[Date Prev][Date Next][Thread Prev][Thread Next][Date Index][Thread Index]
Re: [Condor-users] Passing condor_dagman args with condor_submit_dag?
- Date: Wed, 1 Mar 2006 10:10:16 -0600 (CST)
- From: "R. Kent Wenger" <wenger@xxxxxxxxxxx>
- Subject: Re: [Condor-users] Passing condor_dagman args with condor_submit_dag?
On Tue, 28 Feb 2006, Armen Babikyan wrote:
> I am attempting to use Condor for a large distributed batch processing
> project. I'm using condor_dagman as a meta scheduler by limiting the
> number of jobs that occur at the same time. I've organized each job to
> be an iteration of a loop, and I have 2 layers of recursion. Let me
> throw some numbers out there: my outer loop iterates 100 times, and my
> inner loop iterates 1000 times (each of these loops contains a DAG). I
> am implementing looping by unrolling the logical loop into a dynamically
> generated DAG file.
> While my solution might prevent condor's scheduler from getting
> overloaded with jobs, I am faced with another problem: organizing the
> files on disk so that one directory doesn't contain something on the
> order of 100*1000 = 100,000's of submit files (and a multiple for output
> and log files). I'm starting with the obvious: make a directory and
> subdirectory for each iteration of the inner loop. However, I am
> running across a problem.
You might be able to reduce the number of submit files you need by
judicious use of the VARS command; although that won't do anything
about input and output files, etc.
> condor_dag_submit -no_submit accepts my *.dag file and produces a
> *.dag.condor.sub file, but I am having trouble properly referencing this
> *.dag.condor.sub file from a *.dag file in the parent directory.

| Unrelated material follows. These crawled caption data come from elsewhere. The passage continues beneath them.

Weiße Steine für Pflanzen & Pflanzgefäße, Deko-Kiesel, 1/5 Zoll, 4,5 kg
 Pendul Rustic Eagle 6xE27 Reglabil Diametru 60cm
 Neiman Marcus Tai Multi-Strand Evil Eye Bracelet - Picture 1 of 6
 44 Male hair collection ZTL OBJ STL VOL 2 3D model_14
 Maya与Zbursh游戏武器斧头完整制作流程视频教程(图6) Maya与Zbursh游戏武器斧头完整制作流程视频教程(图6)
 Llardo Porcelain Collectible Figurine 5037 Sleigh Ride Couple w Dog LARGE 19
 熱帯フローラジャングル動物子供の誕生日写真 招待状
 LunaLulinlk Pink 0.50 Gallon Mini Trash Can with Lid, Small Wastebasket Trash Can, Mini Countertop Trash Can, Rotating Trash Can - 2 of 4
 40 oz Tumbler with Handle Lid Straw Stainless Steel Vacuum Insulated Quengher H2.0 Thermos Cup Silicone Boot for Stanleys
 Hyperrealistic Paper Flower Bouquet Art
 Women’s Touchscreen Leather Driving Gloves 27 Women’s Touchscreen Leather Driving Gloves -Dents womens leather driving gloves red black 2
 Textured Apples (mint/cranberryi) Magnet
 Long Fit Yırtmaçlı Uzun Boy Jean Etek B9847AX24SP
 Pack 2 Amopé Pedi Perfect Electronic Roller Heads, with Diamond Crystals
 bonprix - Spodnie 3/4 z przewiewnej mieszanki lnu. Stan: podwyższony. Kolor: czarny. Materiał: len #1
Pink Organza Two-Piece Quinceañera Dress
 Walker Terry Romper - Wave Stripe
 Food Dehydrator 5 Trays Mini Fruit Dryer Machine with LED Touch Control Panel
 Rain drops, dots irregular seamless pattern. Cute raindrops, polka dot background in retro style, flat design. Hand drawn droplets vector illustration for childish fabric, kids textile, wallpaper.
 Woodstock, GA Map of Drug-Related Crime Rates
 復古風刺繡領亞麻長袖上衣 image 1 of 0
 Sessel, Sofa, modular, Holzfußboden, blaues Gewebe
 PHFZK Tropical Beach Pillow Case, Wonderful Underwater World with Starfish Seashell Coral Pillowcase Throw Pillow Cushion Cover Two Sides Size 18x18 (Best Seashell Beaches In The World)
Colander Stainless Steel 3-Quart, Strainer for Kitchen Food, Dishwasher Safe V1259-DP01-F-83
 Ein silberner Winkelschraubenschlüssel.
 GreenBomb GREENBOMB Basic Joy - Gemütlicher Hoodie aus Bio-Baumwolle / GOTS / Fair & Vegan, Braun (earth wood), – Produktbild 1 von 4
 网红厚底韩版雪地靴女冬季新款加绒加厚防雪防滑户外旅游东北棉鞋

I
> think this is because condor_dag_submit does not let me configure some
> of condor_dagman's arguments in the submit file it generates. For example:
> outer *.dag file:
> JOB MAINDAG_111 111/maindag_111.dag.condor.sub
> JOB MAINDAG_222 222/maindag_222.dag.condor.sub
> # Filename: maindag_111.dag.condor.sub
> # Generated by condor_submit_dag maindag_111.dag
> universe = scheduler
> executable = /opt/condor/bin/condor_dagman
> getenv = True
> output = maindag_111.dag.lib.out
> error = maindag_111.dag.lib.out
> log = maindag_111.dag.dagman.log
> remove_kill_sig = SIGUSR1
> on_exit_remove = (ExitBySignal == false || ExitSignal =!= 9)
> arguments = -f -l . -Debug 3 -Lockfile maindag_111.dag.lock
> -Condorlog /tmp/exp6/111/process_a_111.log -Dag maindag_111.dag -Rescue
> maindag_111.dag.rescue -MaxIdle 5 -MaxJobs 1 -UseDagDir
> environment =
> When the outer condor_dagman reads and tries to execute the inner loop's
> condor_dagman, it fails, because it looks in the outer directory for
> maindag_111.dag rather than in the directory 111 (where the above submit
> file, and anything related to maindag_111*, is).
Yes, that makes sense given your example.
> Is there a way I can tell condor_dag_submit to pass particular arguments
> (e.g. -Dag, -Rescue, output files) to the submit file it generates?
> It would be cool if there was a way to get condor_dagman to chdir() into
> a directory before executing. I looked at -UseDagDir, but this will put
> output/log files in the parent directory - something I am trying to avoid.
The way you have things right now, -UseDagDir has no effect because
there is no path in the DAG file specification in your submit file.
Basically, -UseDagDir does cause DAGMan to chdir() to the DAG file's
directory before doing a condor_submit on a node job, or whatever.
Okay, I *think* this will solve your problem: when you run
condor_submit_dag for your inner DAGs, run it in the top-level
directory, like this:
condor_submit_dag -no_submit -UseDagDir 111/maindag_111.dag
> I guess I could write my own condor_submit_dag too, but I'd rather not
> go to that extreme. :-)
> Any insight would be great. Thanks!
Please try things as I suggest above, and let us know if it works.